Tüm bu veriler ve bilgiler ışığında nereye varıyoruz. En başa tekrar dönelim. Anayasa’ya göre devlet eğitimin sürmesi için gereken her şeye yapmak zorunda. Yapıyor mu? Hayır. Tam tersine eğitimi birileri için ayrıcalıklı hale getirirken yoksul halk kesimleri için ise nitelikli eğitim ulaşılması zor bir noktaya geldi. Tüm bunlar bilinçli yapıldı ve dünkü haberimizde değindiğimiz gibi tam 1,3 milyon çocuk son 6 yılda liselere kaydolmadan okulu bıraktı.
∗∗∗
GÜNDEMİN DEŞİFRESİ
• Öğrenci Veli Derneği (Veli-der) taşımalı eğitime getirilen sınırlamalarla ilgili ülke genelinde açıklama yaptı. Açıklamalarda çocukların eğitimden koparılmak istendiğine dikkat çekildi.

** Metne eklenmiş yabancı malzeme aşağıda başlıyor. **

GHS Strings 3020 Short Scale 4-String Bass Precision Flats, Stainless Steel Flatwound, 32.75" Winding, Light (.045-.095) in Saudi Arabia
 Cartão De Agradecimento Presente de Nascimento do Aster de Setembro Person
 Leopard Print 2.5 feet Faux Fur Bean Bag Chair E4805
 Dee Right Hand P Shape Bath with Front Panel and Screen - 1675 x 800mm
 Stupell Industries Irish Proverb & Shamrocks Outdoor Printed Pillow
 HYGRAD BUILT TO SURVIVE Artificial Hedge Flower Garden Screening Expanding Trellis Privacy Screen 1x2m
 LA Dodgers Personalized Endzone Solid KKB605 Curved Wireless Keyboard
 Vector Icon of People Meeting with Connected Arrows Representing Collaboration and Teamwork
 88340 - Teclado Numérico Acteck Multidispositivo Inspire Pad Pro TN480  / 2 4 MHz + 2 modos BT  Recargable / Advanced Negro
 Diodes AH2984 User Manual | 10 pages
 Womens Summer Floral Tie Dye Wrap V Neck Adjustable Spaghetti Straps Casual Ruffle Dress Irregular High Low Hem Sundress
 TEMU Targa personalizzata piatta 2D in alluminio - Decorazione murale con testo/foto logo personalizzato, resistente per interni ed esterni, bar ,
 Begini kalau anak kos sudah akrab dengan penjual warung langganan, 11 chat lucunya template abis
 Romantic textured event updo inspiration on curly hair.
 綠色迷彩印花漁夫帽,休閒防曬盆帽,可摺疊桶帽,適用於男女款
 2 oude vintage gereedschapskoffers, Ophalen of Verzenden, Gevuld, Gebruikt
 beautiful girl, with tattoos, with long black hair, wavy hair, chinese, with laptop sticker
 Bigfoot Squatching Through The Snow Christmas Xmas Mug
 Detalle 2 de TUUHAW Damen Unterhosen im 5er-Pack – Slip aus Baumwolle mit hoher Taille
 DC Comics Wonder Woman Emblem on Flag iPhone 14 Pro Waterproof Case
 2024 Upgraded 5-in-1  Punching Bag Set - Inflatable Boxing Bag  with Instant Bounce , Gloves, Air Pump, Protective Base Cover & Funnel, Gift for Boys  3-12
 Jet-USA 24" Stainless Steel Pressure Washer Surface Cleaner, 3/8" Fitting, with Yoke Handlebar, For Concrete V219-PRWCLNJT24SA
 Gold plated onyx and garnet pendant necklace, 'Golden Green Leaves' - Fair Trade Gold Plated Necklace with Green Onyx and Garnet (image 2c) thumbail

• Eğitimcilerin “Öğretmenliğe darbe” olarak nitelediği Öğretmenlik Meslek Kanunu görüşmeleri tekrar başladı. Eğitimciler Ankara’da bunu protesto etti.
• MEB 2023-2024 Örgün Eğitim İstatistikleri‘ni açıkladı. Çocukların eğitimden kopması devam etti. 6 yılda 1,3 milyon çocuğun eğitimi bıraktığı ortaya çıktı. 14 yılda yapılan imam hatiplerin fen liselerini katladığı öğrenildi. Öğrenci sayısı önceki yıla göre 1 milyondan fazla azaldı.
• Sivas’ta Dörteylül Ortaokulu’nda kantin işleten Ümit Alpan, 30 TL bedelli “askıda tost” uygulaması başlattı. Kampanyaya yurtiçi ve yurtdışından katılanlar oldu.
• 4+4+4’e geçilmesinin ardından eğitimde yaşanan dönüşüm İPA’nın raporuna yansıdı. Rapora göre özelleştirme niteliği artırmak yerine düşürdü. Eğitimin rant odaklı ele alınmasıyla geliri düşük veliler imam hatip liselerine mecbur kaldı.
• Muğla’nın Datça ilçesinde düzenlenen "ÇEDES’e hayır" basın açıklamasına katılan eğitimciler sürgün edildi.
• Belediyelerin okullarda temizlik yapmasını engelleyen MEB açıklamasında belediyeleri hedef aldı. Okul yönetimleri ise SMS’le temizlik görevlisi aramaya başladı.